Faisant suite aux conventions franco-tunisiennes concernant l’autonomie interne signées le 22 avril 1955 à Paris, puis solennellement le 29 mai par Edgar Faure et Tahar ben Amar, et ratifiées en Tunisie le 27 août et à Paris le 31 du même mois, l’accord diplomatique permettant à la Tunisie de recouvrer sa totale indépendance fut paraphé à Tunis le 20 mars 1956 par MM. Seydoux et Bourguiba.





"Les Nouvelles sfaxiennes"  n°1022 du 3 septembre 1955 (Archives Ch. Attard)

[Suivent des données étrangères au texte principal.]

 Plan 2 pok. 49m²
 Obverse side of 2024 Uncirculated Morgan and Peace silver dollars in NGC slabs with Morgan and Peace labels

Après la proclamation de l’indépendance le 20 mars 1956, les Européens de Sfax ne furent victimes d’aucune animosité, et pourtant la ville avait eu deux martyrs en la personne de Farhat Hached et d’Hedi Chaker. 





(Photo Gilbert  Bacquet)




La fête de la Victoire fut célébrée à Sfax le 1er juin 1956. Différents groupes de jeunes (filles et garçons), de militaires, précédés par une fanfare, défilèrent dans les rues du centre ville et au pied des remparts. 

Ce début de l’été 1956 marqua le départ définitif de quelques Européens, remplacés par des Tunisiens dans les postes de direction qu’ils occupaient, et d’une partie de la communauté juive. A Sfax, comme dans tout le Maghreb, les mois suivants furent marqués par de nombreuses grèves et des incidents.





(La Dépêche tunisienne du 24 octobre 1956) (Archives Ch. Attard)




Mais, c’est suite aux évènements de Bizerte en juillet 1961, qu’eut lieu le grand exode et où de nombreux Européens (et ce n’étaient pas ceux qui, suivant l’expression usitée, avaient fait "suer le burnous") furent contraints de partir dans la précipitation avec un strict minimum d’objets et de bien personnels. Leur accueil en Métropole fut très loin de ce qu’ils étaient en droit d’attendre, surtout quand ils n’y avaient ni famille ni amis.